Below us in the courtyard, students milled among the trees, sharing textbooks or buying cigarettes. Some waved up at us, and Rafia waved back. A stray dog lay its head at Rafia’s feet. This, I thought, must be a bit of what it feels like to be a student at Dhaka University.
During our last few days in Dhaka, before moving on to Khulna and the Sundarbans, I visited the university twice to interview different professors. During each visit, we roamed the maze of buildings.I was keenly aware of the differences between this campus and Missoula’s beloved University of Montana. Yet for every difference, I could easily draw parallels between the two.
Where we buy textbooks at the Go Griz store, students here line up at print shops for photocopies and scans. It’s called the Campus Shadow, and Rafia told me it’s named quite literally, as that part of campus is often shady. It reminds me of how I presume the Oval, our main space in the center of UM’s campus, got its title.
While deer may rule UM’s sidewalks, stray dogs are kings here. Like UM, the arts building is covered with student-made art, from photography galleries to sculptures. After my first interview, Rafia took me to the fine arts building, where she pointed out a tree where many students gathered reading. I could picture this exact scene in Missoula.
Instead of the tea stand, I might go to the Market, Rise & Rooted, Liquid Planet or any of the other coffee shops in UM’s vicinity to order a dirty chai. Here, my options for drinks are more limited, if there is even a choice, between milk tea and black tea.
The students roaming here may wear different clothing styles and speak different languages, but they clutch their backpacks the same and talk with their peers with the same excitement as the students back home. It doesn’t matter what part of the world you are in, university students will be university students.

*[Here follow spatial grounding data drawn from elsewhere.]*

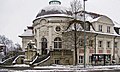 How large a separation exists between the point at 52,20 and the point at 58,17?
137 cm

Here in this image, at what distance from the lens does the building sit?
44.2 meters

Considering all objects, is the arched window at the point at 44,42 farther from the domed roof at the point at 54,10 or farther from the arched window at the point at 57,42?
the domed roof at the point at 54,10

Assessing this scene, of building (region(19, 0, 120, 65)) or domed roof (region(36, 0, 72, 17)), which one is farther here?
domed roof (region(36, 0, 72, 17))

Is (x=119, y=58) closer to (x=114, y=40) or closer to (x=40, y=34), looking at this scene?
(x=114, y=40)

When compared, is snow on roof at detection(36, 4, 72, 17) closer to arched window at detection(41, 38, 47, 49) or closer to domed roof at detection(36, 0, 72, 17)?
domed roof at detection(36, 0, 72, 17)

Dhaka is so different from Missoula — so loud and vibrant and busy — it would be so easy to focus on the differences and divisions. While these differences are real and important to recognize, I was struck with a sense of familiarity and sameness that Dhaka University’s campus brought me.
My second day on campus, our teaching assistant Najifa Farhat accompanied Clayton Murphy and me. As we walked the halls, she exclaimed how strange it felt to be back at her alma mater, this time with American students in tow.
She led us to the Shaheed Minar on the way home. It’s a monument commemorating students and activists killed in 1952 during the Bengali Language Movement demonstrations.
Just as universities in the United States can be beacons for student protestors, universities around the world also aren’t immune to the violence that follows. If four students were shot at Kent State University during protests against the Vietnam War in 1970, eight died on Feb. 21, 1952, when the students at Dhaka University insisted Bengali should be the national language of what was then East Pakistan.
The differences are still stark; University of Dhaka’s campus is massive, and its greenery is a tropical beauty contrasting UM’s mountain campus.
Despite its foreignness and newness, as I walked among the students at Dhaka University, I couldn’t help but feel a strange sense of familiarity. Bangladesh is very new to me, but visiting Dhaka University was the closest I’ve felt to feeling at home since I arrived.